I am attempting exercise #14 from Chapter 1 of Roman's Advanced Linear Algebra (p.57). Here is the statement of the problem:
Suppose $V$ is a finite-dimensional vector space over an infinite field $\mathbb{F}$. Suppose $V_1$, $V_2, \dotsc, V_n\leq V$ are subspaces of $V$ such that $\dim{V_1} = \dotsb = \dim{V_n}$. Show that there exists a subspace $S$ such that $V = V_i \oplus S$ for all $i$. (In other words, there exists a common complement for $V_i$.)
Now, if $\mathbb{F}$ is something familiar like $\mathbb{R}$ or $\mathbb{C}$ I can use measure-theoretic arguments to prove this. I might even be able to get away with it for any field of characteristic 0. But over something like $\mathbb{F}_2(t)$ or any other infinite field that is not obviously a measure space, that won't work. And that certainly is not the proof that Roman is looking for.
I think we want something like the proof he offers for Theorem 1.2 on p. 39, where he shows that a nontrivial vector space over an infinite field $\mathbb{F}$ is not a finite union of proper subspaces. Here he supposes $V = V_1 \cup \dotsb \cup V_n$ and for $w\in V_1 \setminus (V_2 \cup \dotsb \cup V_n)$ considers a set $A=\{rw + v \mid r \in \mathbb{F}\}$, and shows that each subspace must contain at most one vector from this set.
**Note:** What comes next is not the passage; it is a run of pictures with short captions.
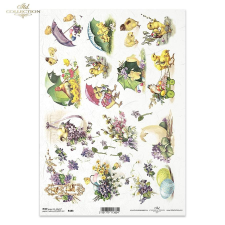  Rizspapír - Húsvéti tojások, csibék esernyővel és virágokkal dekorációs kellék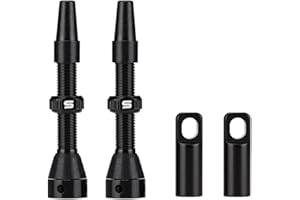 FOMTOR Tubeless Presta Valve Stem, Aluminum Alloy Stems with Value Core Remover Tool and Valve Stem Caps Fit Most Bicycle Tubeless Rims (Black, 44mm)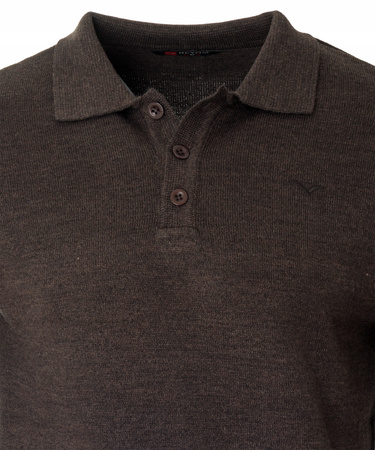 Bluza męska z kołnierzykiem polo na guziki brązowa gładka ze ściągaczami wełniana - Reymo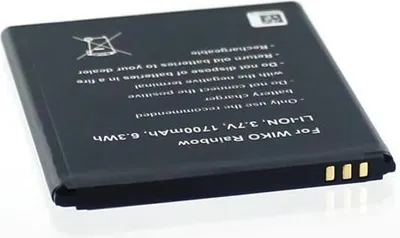 Produktbild von Akku für Wiko Rainbow Li-Ion 3,7 Volt 1700 mAh schwarz.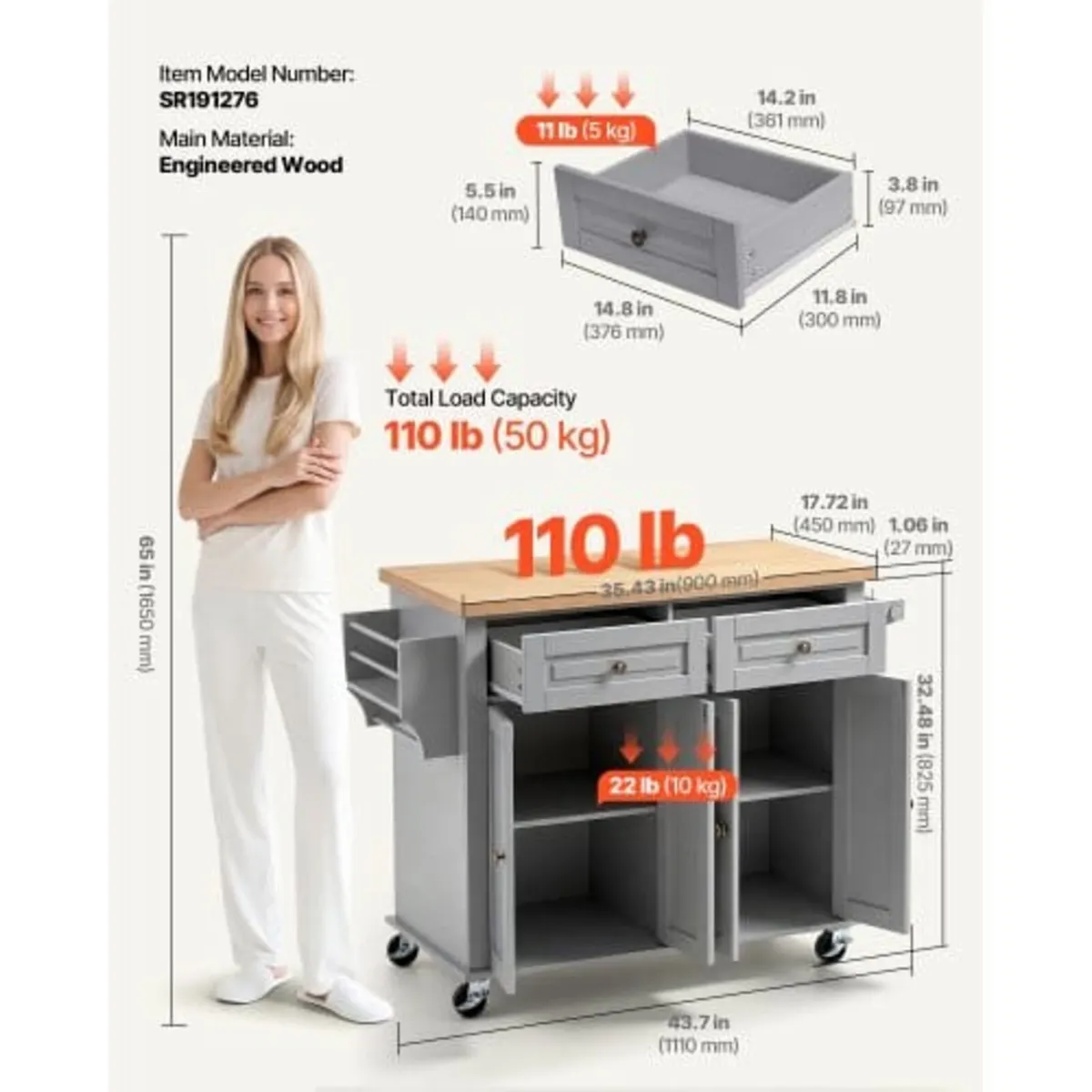 Kitchen Island Cart with Storage, 1110 mm Wide Mob - Image 2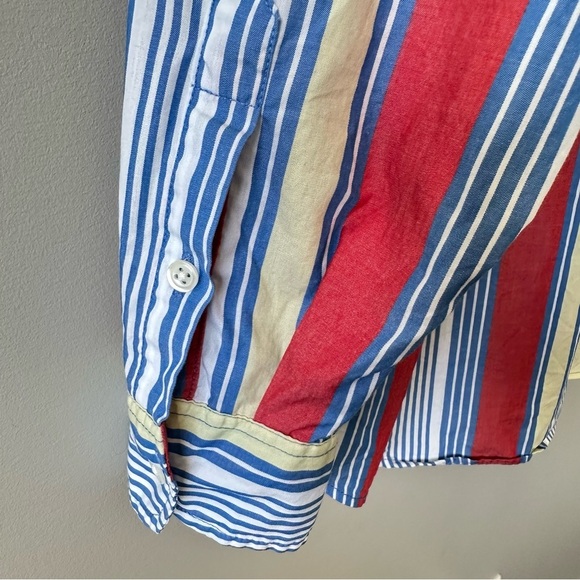 Talbots Striped Button Down Shirt Top 1x Blue Coral Womens All Cotton Preppy - Picture 11 of 12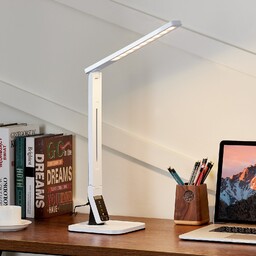 Lampa Stołowa Lindby, Eleni, ściemnialny, biały, gabinet pracownia,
Obviously this particular argument doesn't apply, but I think we want to make a similar argument.
Any ideas? Thanks
Best Answer
We can use downward induction on $\dim V_i$.
The case $\dim V_i=n$ is trivial (with $S=\{0\}$). Now suppose $\dim V_i<n$, then we have $\bigcup_iV_i\ne V$, so there is an $s\in V$ such that $s\notin \bigcup_iV_i$. Then apply the induction hypothesis on $V_i\oplus\Bbb F s$.